As estratégias motivacionais como fator influente nos resultados organizacionais

O intuito deste artigo, não é falar o que motiva ou o que não motiva, mas, sim evidenciar estratégias que contribuam para o bom clima organizacional

Um dos temas mais discutíveis na área de Gestão de Pessoas, diz respeito a motivação dos colaboradores perante a organização que trabalha, gerando polêmicas e incisivos debates por tratar de uma teoria, por isso torna-se interpretativa pelas pessoas, haja visto, que estas possuem culturas distintas, proporcionando que determinadas variáveis motivacionais possuam um peso maior para umas do que para as outras.

O intuito deste artigo, não é falar o que motiva ou o que não motiva, mas, sim evidenciar estratégias que contribuam para o bom clima organizacional e consequentemente para melhores resultados financeiros, afinal, os colaboradores são os principais ativos de uma empresa. No cotidiano profissional deparamos com pessoas que fazem várias críticas relacionadas a motivação, alguns até dizem que ela não dura e que me faz lembrar de uma frase de Zig Ziglar: “As pessoas dizem frequentemente que a motivação não dura, bem o banho também não e é por isso que ele é recomendado diariamente”, ou seja, os resultados não serão agradáveis, devendo ser um processo contínuo e necessário par qualquer organização independentemente de seu segmento de atuação.

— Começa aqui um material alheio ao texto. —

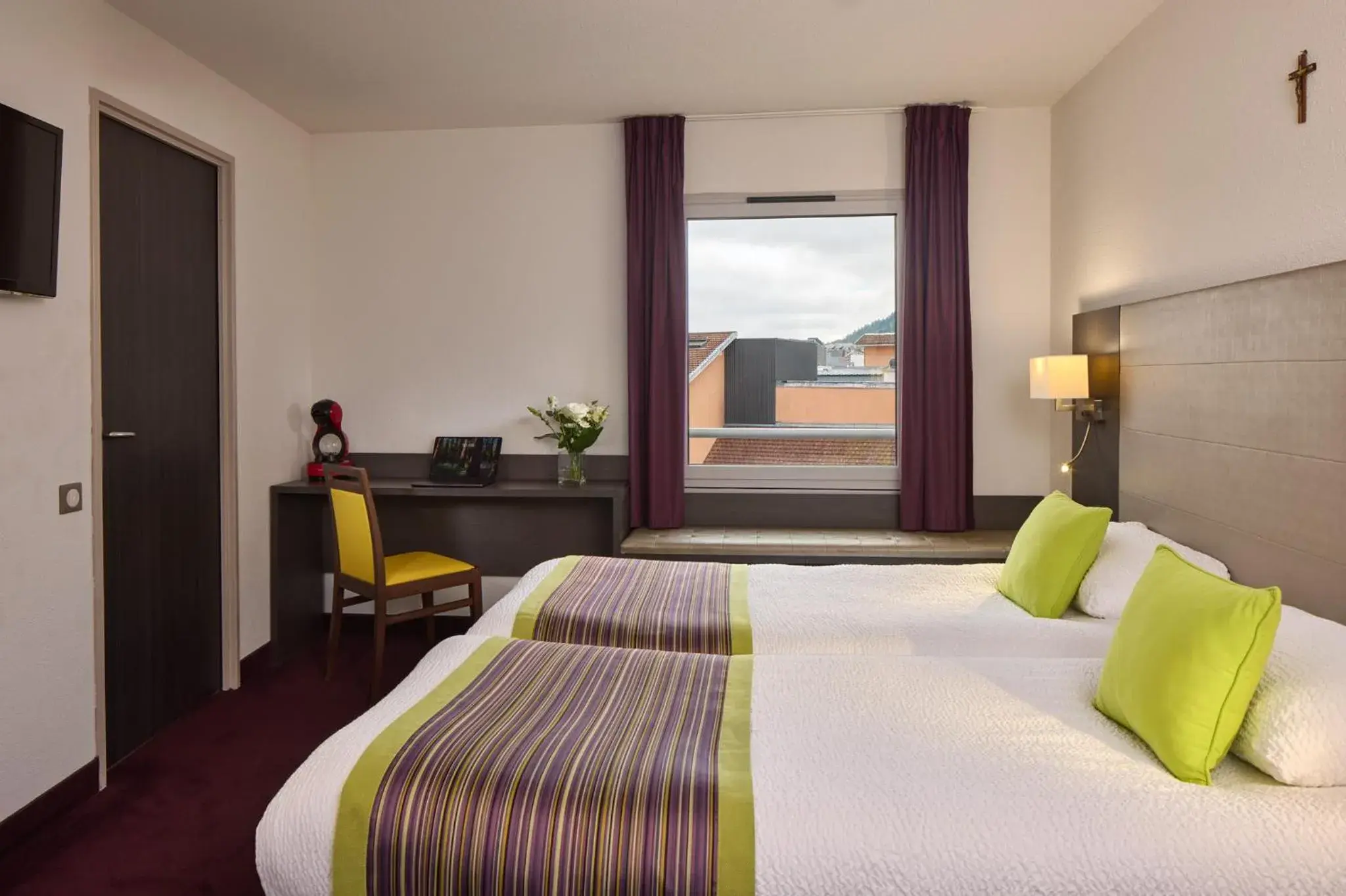 Deluxe Quadruple Room in Hôtel Astrid Deluxe Quadruple Room in Hôtel Astrid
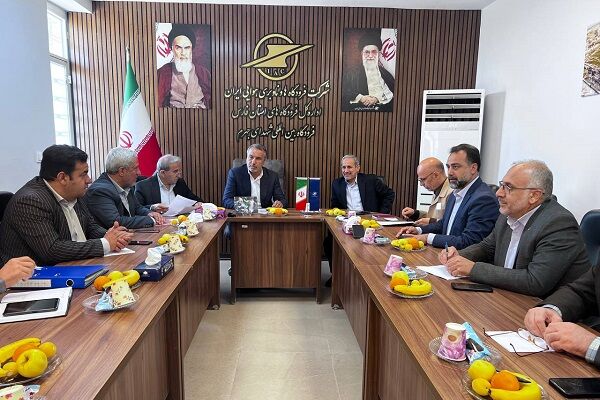 بازدید مدیرعامل شرکت فرودگاهها از پروژه بهسازی سطوح پروازی فرودگاه جهرم نشست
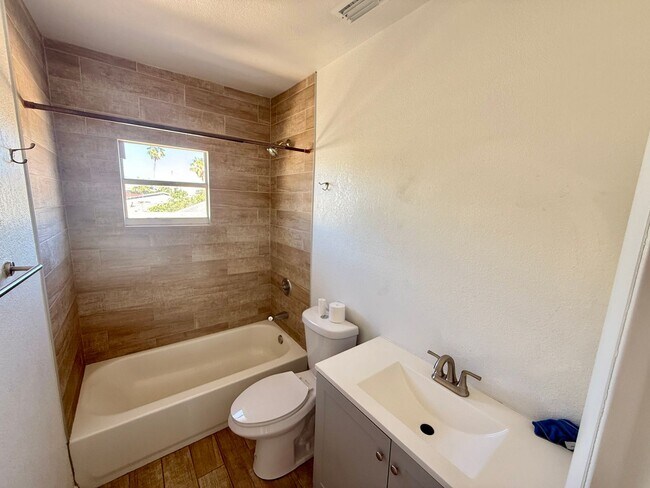 Building Photo - Renovated Large 3 Bed 1 Bath Unit Available For Rent Located In Little Havana.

Fundamentado na obra de Robbins: Comportamento Organizacional (2005) As teorias motivacionais são divididas entre as de conteúdo e contemporâneas, sendo que a mais conhecida delas publicada em inúmeros livros de Gestão de Pessoas, psicologia, Marketing, inclusive nos dias atuais, trata se da Hierarquia das necessidades de Maslow, referindo a um conjunto de cinco necessidades descritas numa pirâmide onde cada um tem de “escalar” uma hierarquia de necessidade par atingir a auto- realização. Estas teorias que no entanto veem sendo questionados por alguns autores atualmente, um exemplo, trata-se do livro: O Oitavo hábito, da eficácia a grandeza de Stephen Covey, onde retrata que as teorias motivacionais se tornaram obsoletas para quem compete globalmente e realiza uma comparação entre motivação e dinheiro, chamada de “teoria do asno”, aquela pessoa que pensa que apenas dinheiro motiva está equivocada, quando na verdade trata-se de uma variável ( para muitos a principal ), mas, por si só não é o suficiente.

Não resta dúvida que para nós Administradores, mantermos a equipe de trabalho Motivada é um desafio, agora se for estudado e adotando estratégias coerentes com a realidade da empresa, pode vir a alçar grandes resultados. Para isso, destaco quatro ações fundamentais quando nos referimos a Motivação.

Política salarial: Proporcionar meios financeiros que estimulem os colaboradores a aumentarem sua produtividade, como, por exemplo, bônus e/ou gratificações por desempenho. Obviamente que deve estar de acordo com a situação financeira da empresa.

Relacionamento Interpessoal e Trabalho em equipe: Tornar claro para todos os membros da organização, os objetivos a serem atingidos, mobilizando ao cumprimento, investir em treinamentos, dinâmicas, são estratégias que bem elaboradas podem dar certo, agora para isso é necessário conhecer a cultura organizacional predominante da empresa, em especial, se possível cada colaborador, caso contrário, torna-se difícil.

Condições de trabalho: Propor condições adequadas, que não ofereça risco a saúde física e mental dos colaboradores, ter um layout organizacional que permita o desempenho das funções, critérios estes básicos.

Liderança Servidora: Ser líder é completamente diferente de ser chefe, infelizmente vemos muito a seguinte situação: “manda quem pode, obedece quem tem juízo”, processos amplamente burocráticos e liderar é servir e comunicar s pessoas seu valor de forma tão clara que elas acabem por velos em si mesmos e só é possível inspirar os outros uma vez que tenha conseguido identificar sua própria voz, isto é, se não conseguimos liderar nós mesmos dificilmente lideraremos pessoas.